Kyoto’s Aoi Matsuri
Kyoto’s Aoi Matsuri
Kyoto has three main festivals which are the Gion Matsuri, Jidai Matsuri and the Aoi Matsuri. The festival that I will be talking about in this blog is the Aoi Matsuri. This festival takes place every year on the 15th of May. The main attraction of the festival is a parade around Kyoto and in this parade over 500 people get dressed up in aristocratic style of the Heian Period and they walk from the Imperial Palace to the Kamo Shrines. The word Aoi means Hollyhock in Japanese and the festival is named after the Hollyhock leaves that are worn by the members of procession.

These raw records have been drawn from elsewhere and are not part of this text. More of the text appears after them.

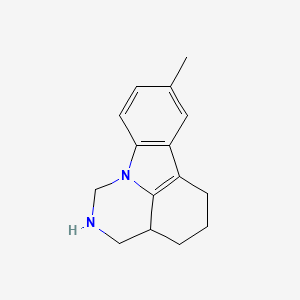 8-methyl-2,3,3a,4,5,6-hexahydro-1H-pyrimido[5,6,1-jk]carbazole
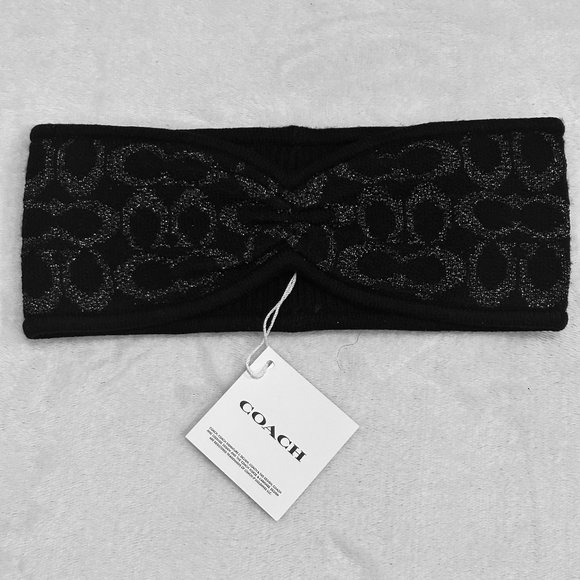 Coach | Accessories | Coach Signature Wool Knit Headband 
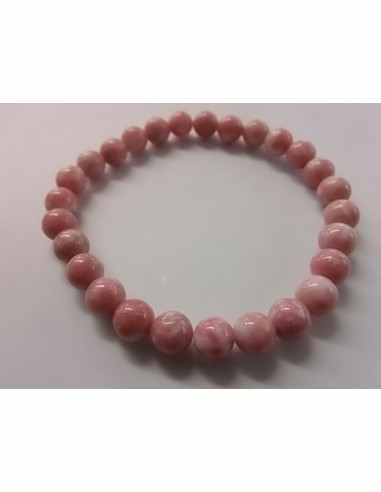 Thulite  bracelet 6mm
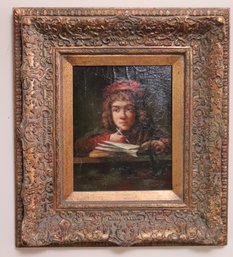 Titus At His Desk Fine Art Oil Portrait Painting On Board Signed By Austin With COA From Timeless Treasures
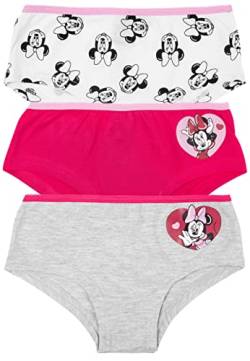 United Labels Disney Minnie Mouse Panty für Mädchen Kinder Slip Unterhose Unterwäsche Mehrfarbig Bunt (3er Pack) (as3, Numeric, Numeric_122, Numeric_128, Regular) von United Labels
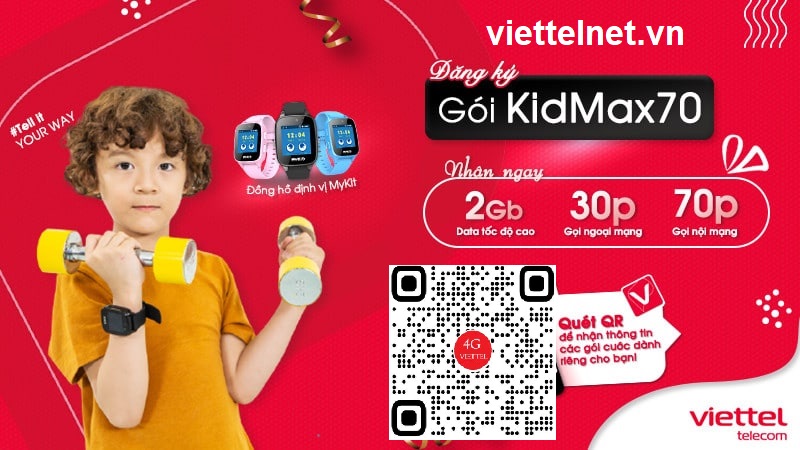 KIDMAX70 – Gói Cước Cho Đồng Hồ Định Vị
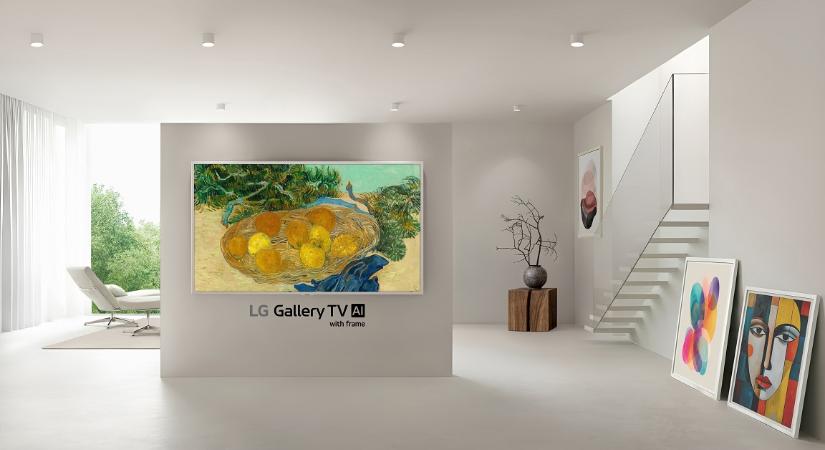 Művészeti ihletésű Gallery tévével bővíti lifestyle tévékínálatát az LG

The Aoi Matsuri began in the 7th century meaning that it predates when Kyoto was established as a national capital in 794. The precise origins of this festival is unknown. It is believed that the deities of the Kamo Shrines were the cause of some of the natural disasters that occurred. However, these natural disasters subsided after the Emperor began making offerings to the gods and that was the start of this tradition. The official name of the festival still remains to be Kamo Matsuri because of the association that it has with the Shrines.

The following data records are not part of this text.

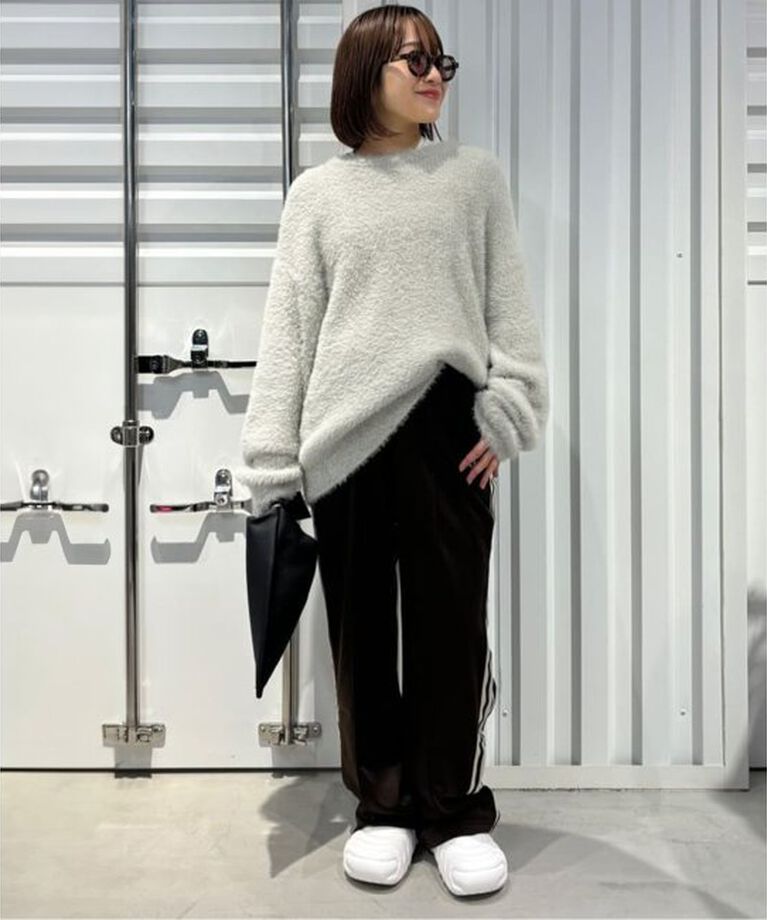 JOINT WORKS「NOMANUAL/ノーマニュアル CROPPED HAIRY KNIT」|ニット・セーター|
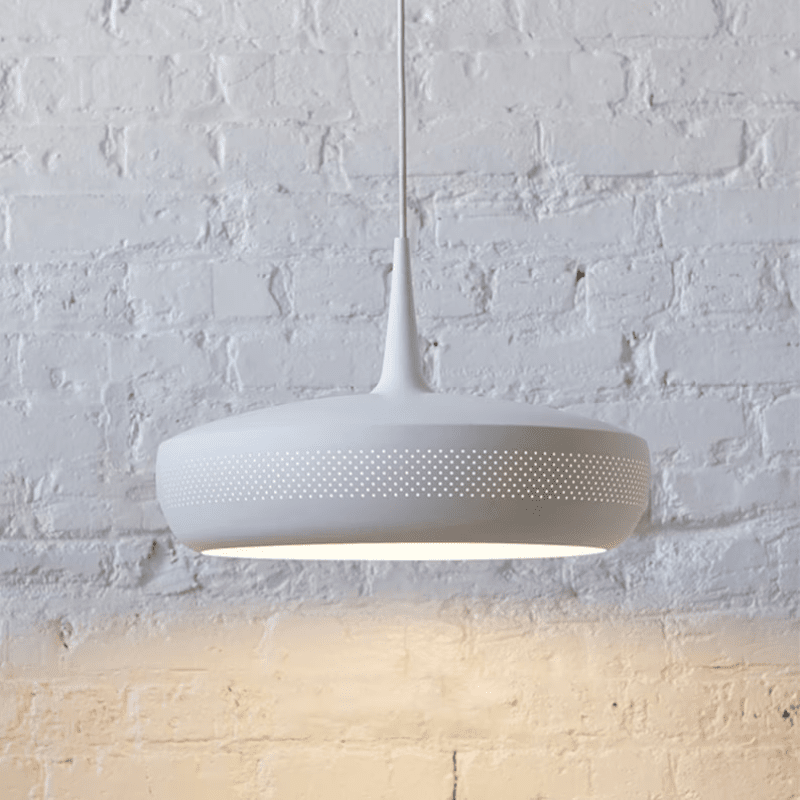 Nordenis Nordic Art Pendant Light In White Aluminum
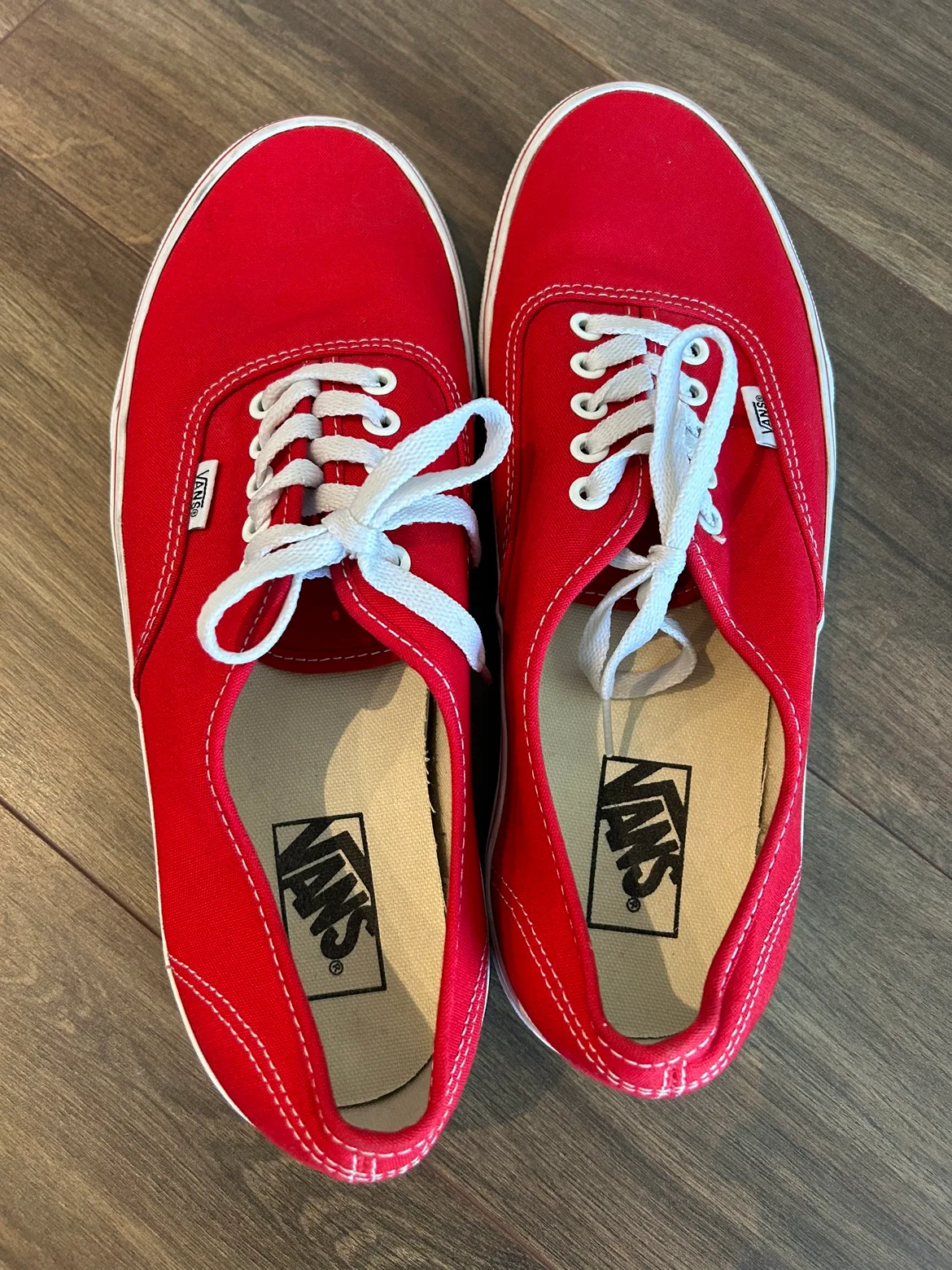 Vans Red Authentic Sneakers image indicator(2)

The word festival became synonymous with the Aoi festival during the Heian because of the growing prominence of the Aoi festival. During the festival there are men on horseback, giant bouquets of flowers, ox drawn carts decorated and a large group of women in Kimono that accompany the year’s Saio.

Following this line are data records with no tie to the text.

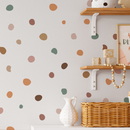 30 Adesivos Boho / Bolinhas Irregulares Coloridas Para Decoração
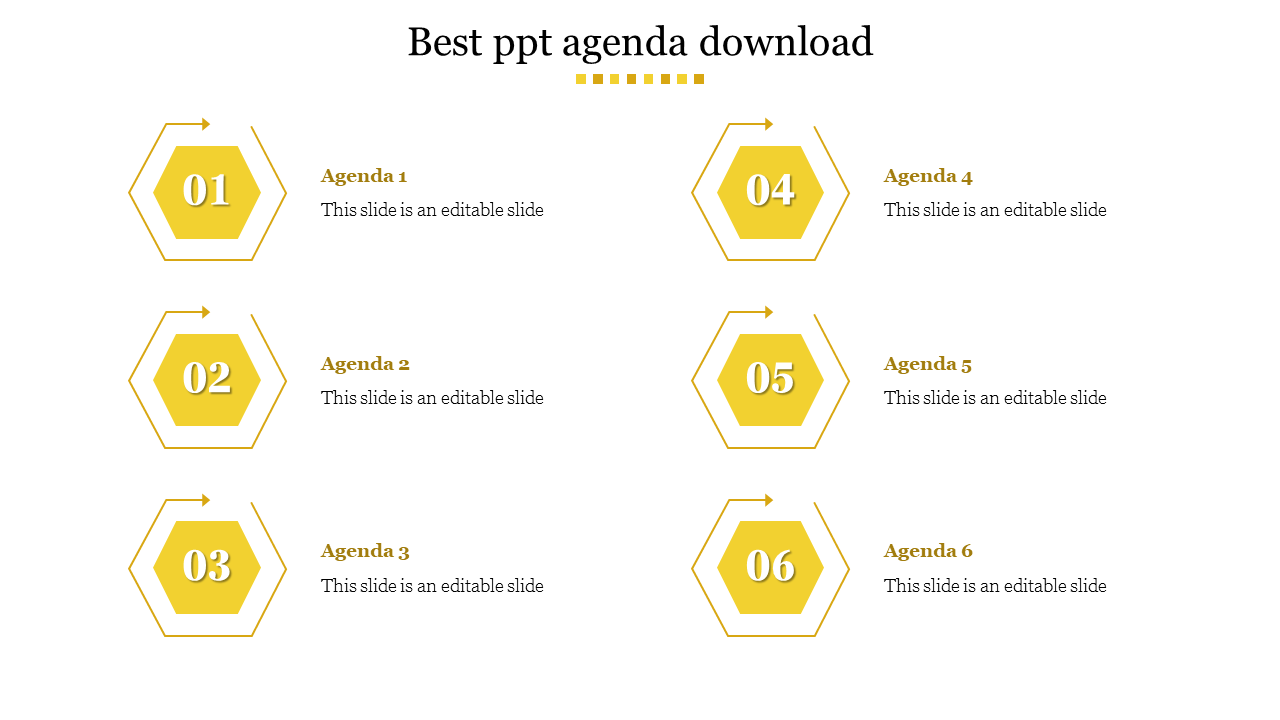 Free - Download the Best PPT Agenda Download for Presentation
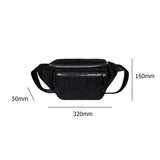 Corduroy Fanny Chest Pack Crossbody Bag Lightweight Daily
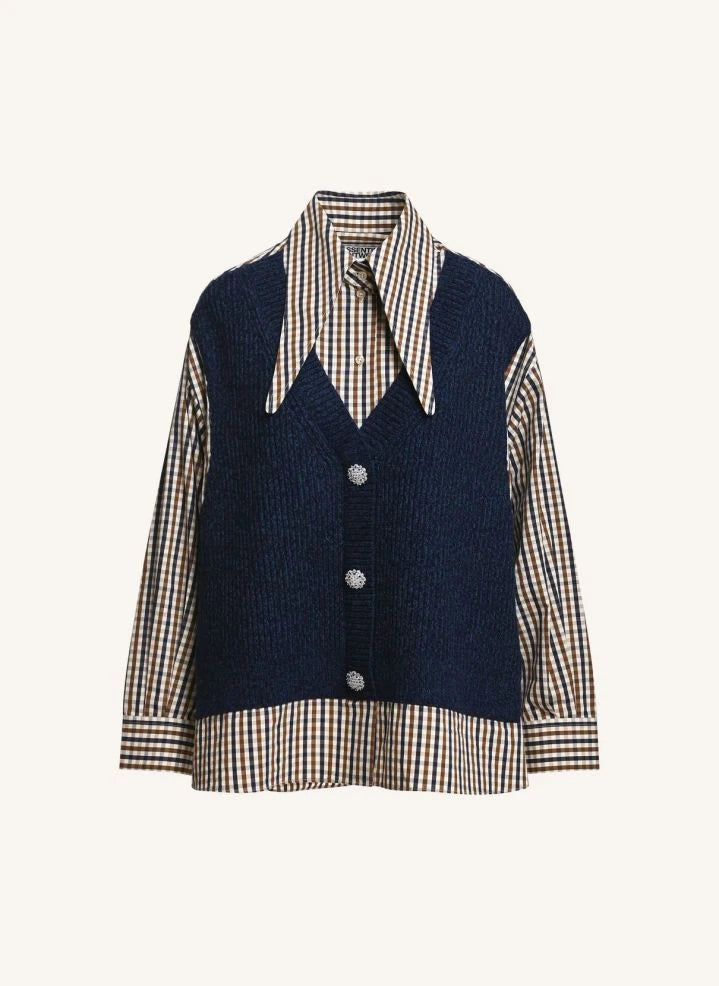 Essentiel Antwerp - Kute Mix Blusa | Gris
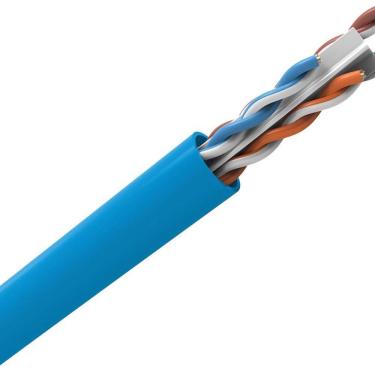 Imagem de Cabo Lan U-utp 24awg Cat.6 Cmx 305m Azul 23400174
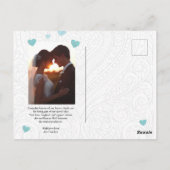 Danke - Hochzeitkarte Postkarte (Rückseite)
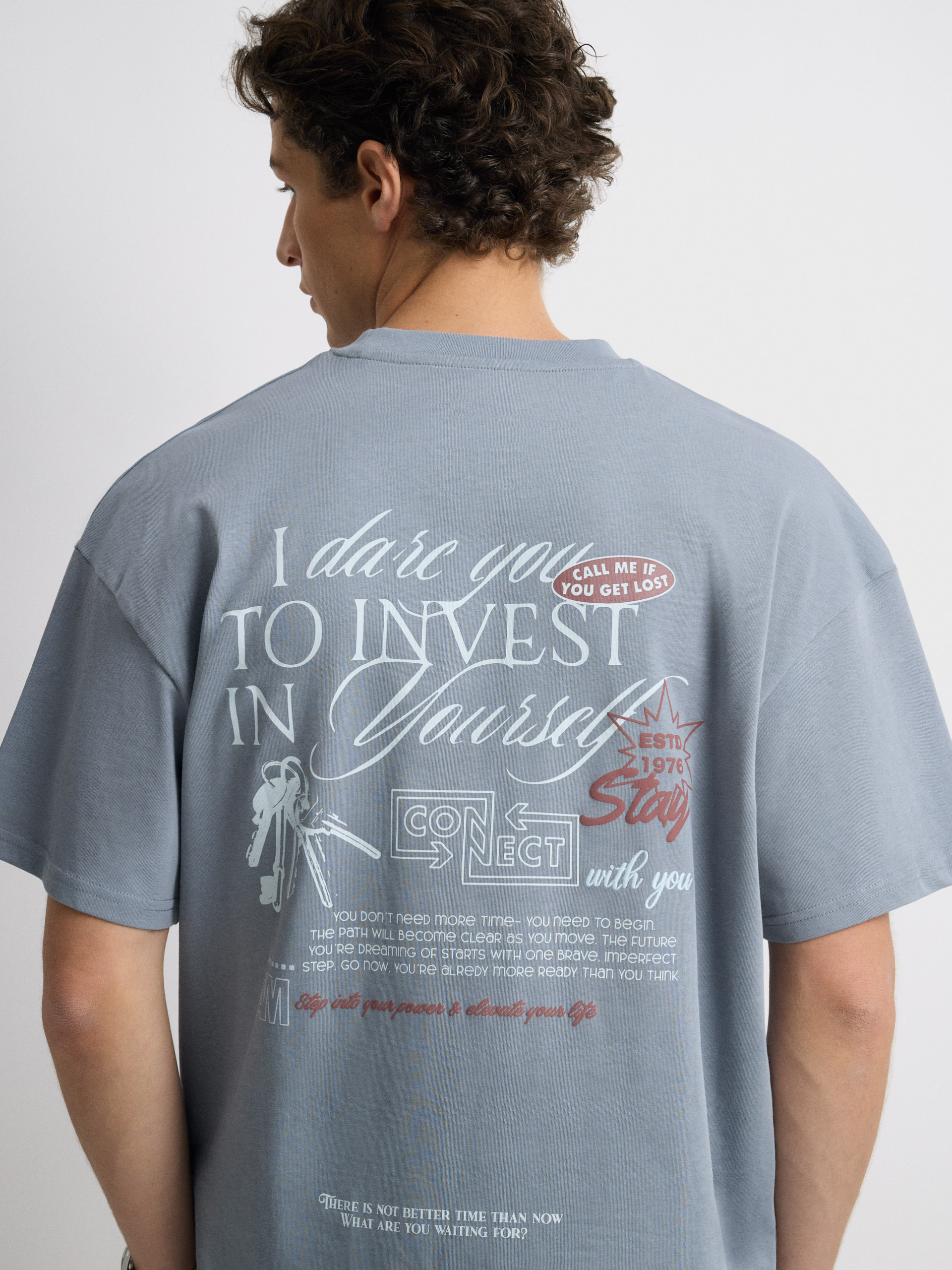 CAMISETA YOURSELF AZUL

The Saio was a young female member of the imperial family and she served as a high priestess of the Kamo Shrines. Saio would perform rituals at the shrines during the festivals. During the modern era, however, instead of a woman from the imperial family an unmarried young woman from Kyoto would be chosen each year to be the Saio. The woman who is chosen as the Saio must be purified in a ceremony before the festival takes place. She is then taken through the procession on a palanquin.
The festival takes place at the souther gate of the Imperial Palace at 10:30 am and it crosses the river that runs right in front of the Shimogamo Shrine a little past 11 am. Before the procession departs the Kamigamo Shrine there are certain ceremonies that are performed for about two hours. If you would like to watch the watch the whole procession from start to finish then it will be a little over an hour in total.